Race Organization ~ Overall this was a very well organized race. We had one issue and that had to do with the overall distance. It seems that there was a section that was cut short when we went through. It didn't happen to everyone as far as we can tell from other Strava entries, but several people we ran with had the same thing. At mile 5, the course cut short by .3 miles. Figure that out. Otherwise I have nothing negative to say.
Race Course and Aid Stations ~ I'm sure I don't need to say what a beautiful course this was. It was mostly trail with some forest service roads. Single or double track in most areas and some very technical stretches with rocky terrain that required diligence. Aid stations were approximately every 2 miles, well manned and included water, NUUN (electrolyte drink) and Honey Stinger gels in a variety of flavors. Some also had bananas and oranges. There were a couple of rustic stations that only had water and even though the race materials said no bathrooms at these stations, there were tent-potties set up anyway!

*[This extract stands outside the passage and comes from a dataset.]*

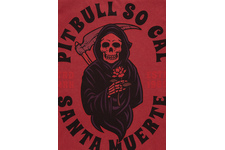 Koszulka Pit Bull Denim Washed Santa Muerte '21 - Bordowa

Crossing the Finish Line ~ The announcer at the finish line called everyone by name and occasionally provided information like birthday and anniversary announcements or mentioning that it was a runner's first half marathon. This was a nice touch considering how many runners there were! The race course cut off time was 4 hours. We saw later on the results page that some people had "official" times of almost 5 hours which means that they stayed there and waited for the last runner and still gave them a time. They are the best!
Post Race Food ~ Vacation Races gives you what you pay for here. For each runner there is a sealed box with 5 or 6 different snacks including dried fruit, Honey Stinger waffles and a few other things. Also bananas and chocolate milk! Yum!
And the MEDAL! Can you believe this thing??!! My hand is relaxed behind that medal and you can barely see it! It is heavy and two sided.
I had Mitch go up and take a picture of the back. He had to take a much nicer one than mine...
The image on the back has the course map which is difficult to see in this picture. The bear is raised and I meant it when I said this medal is HEAVY.
The race is not IN the park, but on trails in West Yellowstone. They encourage runners to enjoy the park by offering 50% discount on next year's race if you take one of their suggested hikes and upload a picture of yourself with your bib and medal at the destination within 72 hours of the race.
We did the Osprey Falls hike, but that is a story of it's own and I will post about that later this week!
What's the best race bling you've ever received?
Do you like trail or road running best?